I’m definitely interested in hijacking advertising space for a different kind of conversation. I think it’s really interesting to use that space for a sort of interior voice. A voice in the private sphere. When I started putting my art on billboards, people told me, “You can’t put a hundred words on a billboard. No one will read that.”
Normally you are supposed to be able to read the whole thing in like 7 seconds.
Exactly. Those are the codes of advertising, right? It’s got to have like a sexy picture and an eight-word statement that you can totally digest in seven seconds. But of course, completely ignoring and breaking those codes actually really works because people stop.
Jenny Holzer also works with text and billboards. Was she an inspiration for you?
The whole thing started because I thought what Jenny Holzer does is fucking great. She’s done things like renting a space on the electronic billboard during the Super Bowl that puts out the message: “Raise boys and girls the same way.” Which is absolutely fucking brilliant, it’s a great statement to macho-sportsman America. Yes, so that was totally inspired by Jenny and by the way Félix González-Torres used billboards as well. They unapologetically took the personal into the public space. I didn’t come up with that, they came up with that.
Before you could afford to rent a billboard I guess you were just taking them without asking?
Sure, but I never really got into trouble. In the beginning when I started doing it sort of illegally I even had some people that owned billboards, this company in London called Jack Liberties, offering me billboards saying, “Put your poetry on it, we’re kind of into it.” So that’s been a really happy conversation so far.
What about the conversation with the public?
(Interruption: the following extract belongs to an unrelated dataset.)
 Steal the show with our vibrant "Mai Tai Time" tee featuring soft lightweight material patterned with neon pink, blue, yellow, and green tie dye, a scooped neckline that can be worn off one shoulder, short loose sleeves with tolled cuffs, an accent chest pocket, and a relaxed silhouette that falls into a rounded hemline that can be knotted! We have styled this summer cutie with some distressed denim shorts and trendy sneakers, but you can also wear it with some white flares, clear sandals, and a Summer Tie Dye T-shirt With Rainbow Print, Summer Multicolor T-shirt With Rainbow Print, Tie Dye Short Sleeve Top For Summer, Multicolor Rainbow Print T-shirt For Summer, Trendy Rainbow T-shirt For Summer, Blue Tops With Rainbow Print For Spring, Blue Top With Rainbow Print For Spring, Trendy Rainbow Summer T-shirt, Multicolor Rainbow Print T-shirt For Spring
The questions they ask you and the responses you get are really interesting and really nice and usually really encouraging as well. You understand that ordinary people are quite able to get their head around contemporary art. It’s not that fucking complex. It’s a system of signs, it’s not like trying to understand really complicated algorithms or maths. It’s like pretty simple stuff, contemporary art, and it’s not beyond the intellectual reach of most people. (Laughs)
Have you thought about buying billboards yourself and putting up permanent pieces?
Yeah I have, actually. I’ve even thought about buying apartments that have got billboards on them, you know? Because then I think you can probably claim them back from the company that you rent them out to. I’ve thought about that. But I’m not really the sort of homeowner type of guy. But I also don’t want to bore people. It’s a bit funnier to pop up in unexpected places.
Isn’t it your dream to buy a simple wooden house? I read that somewhere.
I have a fantasy about a really big, simple wooden house on the land. I think about that the whole time kind of, like this really simple, humble yet sublime, silent, hilltop retreat. Of course I never even go to the countryside. I spend my entire life, 100% of the time, in cities, either in London or Paris or New York or Berlin. I’m absolutely never even at the beach.
Not even for vacation?
I don’t even like going on holiday, it makes me really nervous. I get really jumpy and depressed if I go on a beach holiday. So I think I’m the kind of person who likes to be in cities and think about countrysides.
How do you pick the cities that you display your work in?
Thus far I’ve pretty much worked in the cities that I like and have wanted to hang out in. The work I’ve done has basically been in London, Paris, Berlin, and New York. I just got invited to do like 20 billboards in L.A., which I’m going to do.
L.A. is a great city for billboards.
But I get a bit depressed in L.A. because people feel they have to behave as though they are much happier than they actually are. It’s very odd. So you can’t really tell if anyone is sincere and I can get really depressed there because no one sounds like they mean what they’re saying. It’s fucking nuts.
Maybe you don’t like it because L.A. is too close to the beach?
I might not spend too much time there. A lot of my work is about the city in general – the city as an archetype, the city as a phenomenon – and so it can kind of go anywhere.